Copyright laws means fanfiction writers will never see a publishing company. They devote hundreds of hours, even thousands knowing their story can never earn money. But they have a story they want to see told that won’t be stopped. Not to mention that the world is actually full of legitimate fanfiction—we just don’t call it that.
Elementary on CBS and Sherlock on BBC One are glorified forms of Sherlock Holmes fanfiction. Every remake is just a fanfiction of the original. Book to Movie adaptations are also fanfiction. That absolutely terrible Harry Potter play The Cursed Child is a fanfiction. J.K. Rowling didn’t write the play; John Tiffany and Jack Thorne got her permission and approval to create it. I’ll probably get into why that adaptation was so terrible eventually, but for now the point is this—we’re already doing fanfiction, so lets take it seriously.

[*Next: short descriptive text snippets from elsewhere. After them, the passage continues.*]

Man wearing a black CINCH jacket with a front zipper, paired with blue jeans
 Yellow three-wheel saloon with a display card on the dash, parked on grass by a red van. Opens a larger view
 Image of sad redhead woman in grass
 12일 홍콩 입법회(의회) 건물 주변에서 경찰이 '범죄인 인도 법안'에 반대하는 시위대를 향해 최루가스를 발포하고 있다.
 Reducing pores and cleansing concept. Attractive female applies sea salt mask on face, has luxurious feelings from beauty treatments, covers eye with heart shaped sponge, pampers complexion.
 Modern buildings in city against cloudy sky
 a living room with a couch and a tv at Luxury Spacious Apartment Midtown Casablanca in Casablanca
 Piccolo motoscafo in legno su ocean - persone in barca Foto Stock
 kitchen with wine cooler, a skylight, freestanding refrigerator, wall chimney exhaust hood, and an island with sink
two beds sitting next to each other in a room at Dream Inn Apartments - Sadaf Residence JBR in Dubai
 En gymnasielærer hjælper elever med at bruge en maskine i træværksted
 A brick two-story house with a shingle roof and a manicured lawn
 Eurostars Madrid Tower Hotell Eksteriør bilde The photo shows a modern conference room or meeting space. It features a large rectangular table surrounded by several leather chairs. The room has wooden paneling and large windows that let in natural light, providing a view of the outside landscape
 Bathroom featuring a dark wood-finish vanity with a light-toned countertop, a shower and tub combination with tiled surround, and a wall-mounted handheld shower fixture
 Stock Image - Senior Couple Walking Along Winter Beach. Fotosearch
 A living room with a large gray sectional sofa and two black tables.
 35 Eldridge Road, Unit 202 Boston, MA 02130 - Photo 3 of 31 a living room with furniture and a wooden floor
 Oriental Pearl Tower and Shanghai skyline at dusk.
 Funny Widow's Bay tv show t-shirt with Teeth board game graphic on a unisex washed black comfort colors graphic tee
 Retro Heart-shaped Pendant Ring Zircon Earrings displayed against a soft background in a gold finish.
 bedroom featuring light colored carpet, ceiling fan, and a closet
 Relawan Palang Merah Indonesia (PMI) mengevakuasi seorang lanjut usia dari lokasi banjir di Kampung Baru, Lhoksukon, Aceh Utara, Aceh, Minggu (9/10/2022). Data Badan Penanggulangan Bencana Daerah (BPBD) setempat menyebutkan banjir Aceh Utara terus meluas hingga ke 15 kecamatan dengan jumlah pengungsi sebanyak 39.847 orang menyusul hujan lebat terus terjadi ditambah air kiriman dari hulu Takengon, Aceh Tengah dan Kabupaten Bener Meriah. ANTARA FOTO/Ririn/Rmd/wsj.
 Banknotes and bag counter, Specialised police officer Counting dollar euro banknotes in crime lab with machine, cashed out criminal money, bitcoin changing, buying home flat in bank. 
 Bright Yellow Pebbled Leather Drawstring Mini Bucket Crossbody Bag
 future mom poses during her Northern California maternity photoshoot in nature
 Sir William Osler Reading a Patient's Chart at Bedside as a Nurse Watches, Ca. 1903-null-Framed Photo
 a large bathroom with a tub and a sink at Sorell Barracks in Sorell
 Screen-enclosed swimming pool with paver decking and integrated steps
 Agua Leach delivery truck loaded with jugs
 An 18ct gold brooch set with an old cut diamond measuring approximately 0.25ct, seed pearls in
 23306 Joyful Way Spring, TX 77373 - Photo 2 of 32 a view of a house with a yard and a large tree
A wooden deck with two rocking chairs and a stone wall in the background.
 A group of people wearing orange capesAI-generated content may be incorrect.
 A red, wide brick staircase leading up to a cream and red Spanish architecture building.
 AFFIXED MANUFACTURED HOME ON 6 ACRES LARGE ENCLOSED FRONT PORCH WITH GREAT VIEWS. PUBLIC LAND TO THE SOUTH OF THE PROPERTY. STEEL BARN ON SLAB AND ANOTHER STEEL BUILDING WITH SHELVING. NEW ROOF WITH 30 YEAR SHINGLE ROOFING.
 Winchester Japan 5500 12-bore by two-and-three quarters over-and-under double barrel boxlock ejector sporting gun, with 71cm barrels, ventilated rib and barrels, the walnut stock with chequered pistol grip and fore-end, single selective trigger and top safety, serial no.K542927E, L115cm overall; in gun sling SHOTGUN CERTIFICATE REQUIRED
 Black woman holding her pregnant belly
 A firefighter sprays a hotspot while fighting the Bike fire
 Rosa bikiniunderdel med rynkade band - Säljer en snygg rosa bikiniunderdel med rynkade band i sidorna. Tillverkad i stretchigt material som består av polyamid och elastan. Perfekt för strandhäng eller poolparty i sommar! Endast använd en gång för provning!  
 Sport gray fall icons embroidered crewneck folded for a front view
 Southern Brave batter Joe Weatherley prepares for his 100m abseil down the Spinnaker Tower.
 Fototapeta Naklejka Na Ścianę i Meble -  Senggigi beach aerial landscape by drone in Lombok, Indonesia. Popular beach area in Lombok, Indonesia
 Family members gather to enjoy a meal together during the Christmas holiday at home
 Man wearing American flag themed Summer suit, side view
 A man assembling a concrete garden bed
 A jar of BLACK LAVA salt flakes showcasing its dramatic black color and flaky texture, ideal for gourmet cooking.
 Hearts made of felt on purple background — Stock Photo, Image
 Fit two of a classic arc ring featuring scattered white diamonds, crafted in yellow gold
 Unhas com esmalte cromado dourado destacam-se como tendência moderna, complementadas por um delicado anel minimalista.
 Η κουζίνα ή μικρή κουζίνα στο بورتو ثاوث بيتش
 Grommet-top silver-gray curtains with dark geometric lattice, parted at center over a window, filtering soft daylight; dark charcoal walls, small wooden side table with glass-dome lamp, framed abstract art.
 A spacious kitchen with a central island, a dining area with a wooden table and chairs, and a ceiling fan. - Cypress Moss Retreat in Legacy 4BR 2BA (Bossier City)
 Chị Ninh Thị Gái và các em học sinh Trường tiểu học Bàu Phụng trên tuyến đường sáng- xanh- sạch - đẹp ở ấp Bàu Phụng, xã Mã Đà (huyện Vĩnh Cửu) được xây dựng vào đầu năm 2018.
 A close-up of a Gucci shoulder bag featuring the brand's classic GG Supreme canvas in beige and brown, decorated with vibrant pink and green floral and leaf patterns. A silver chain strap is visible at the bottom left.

Too long has fanfiction been over-generalized into terrible, pornographic, amateur writing, while some bigshot in Hollywood is bringing back Frankenstein for the fifth time, or we got Cinderella getting a fresh new gritty modern take and, hey— you think we’re going to get a fourth Spiderman this decade?
Say what you want about Joss Whedon, but he’s got another good one.
“All worthy work is open to interpretations the author did not intend. Art isn’t your pet — it’s your kid. It grows up and talks back to you.”